A dog resting beside a fresh pet-food delivery box printed with its name.

My dog Kelty is fourteen this year, and she eats better than I do.

Around the time she turned nine or ten, slowing down after two knee surgeries, we switched her onto The Farmer's Dog. Fresh food, portioned for her, more expensive than the shelf full of cheaper options I walk right past. Here is what won me. The first box arrived with her name printed on it. Not mine. Kelty. Ten days later my phone rang: "Can I speak to Kelty's parents?" They wanted to know how she was doing on the food.

I have never earned a point from The Farmer's Dog. I could not tell you if they even have a program. I just know they know my dog's name, and I am not going anywhere.

That is brand loyalty. And notice what earned it. Not a discount.

Most brands have this backward. The average American belongs to 17 loyalty programs and is active in only 9 of them (Bond, 2025). We enroll in everything and stay loyal to almost nothing. So the real question is not how to run a program. It is what makes a person choose you when cheaper, easier options are right there. The research has an answer, and it is not points.

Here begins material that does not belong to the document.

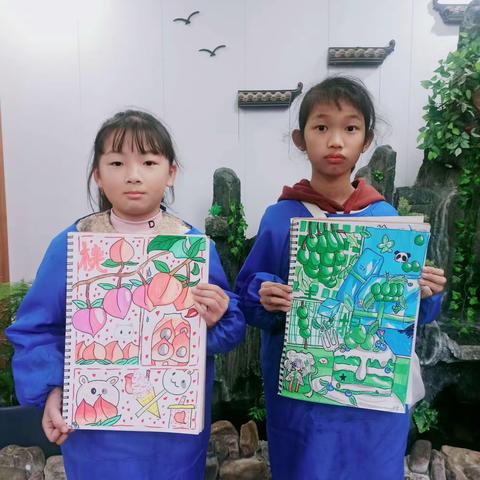 红宇美术学校♛尚美班♛构图课——《主题分镜》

The psychology: loyalty is emotional, and emotion is worth more

The most important finding in loyalty is the one most programs ignore. Studying more than 100,000 customers, Harvard Business Review and the consumer-intelligence firm Motista (now part of Deloitte Digital) found that customers who are emotionally connected to a brand are 52% more valuable than customers who are merely "highly satisfied." They stay longer, spend more, and forgive more. They carry 306% higher lifetime value and recommend the brand at 71%, versus 45% for the satisfied-but-not-connected.

Read that again. Satisfaction is not loyalty. A customer can be perfectly satisfied and gone tomorrow. What holds them is emotional connection, and no points balance manufactures it.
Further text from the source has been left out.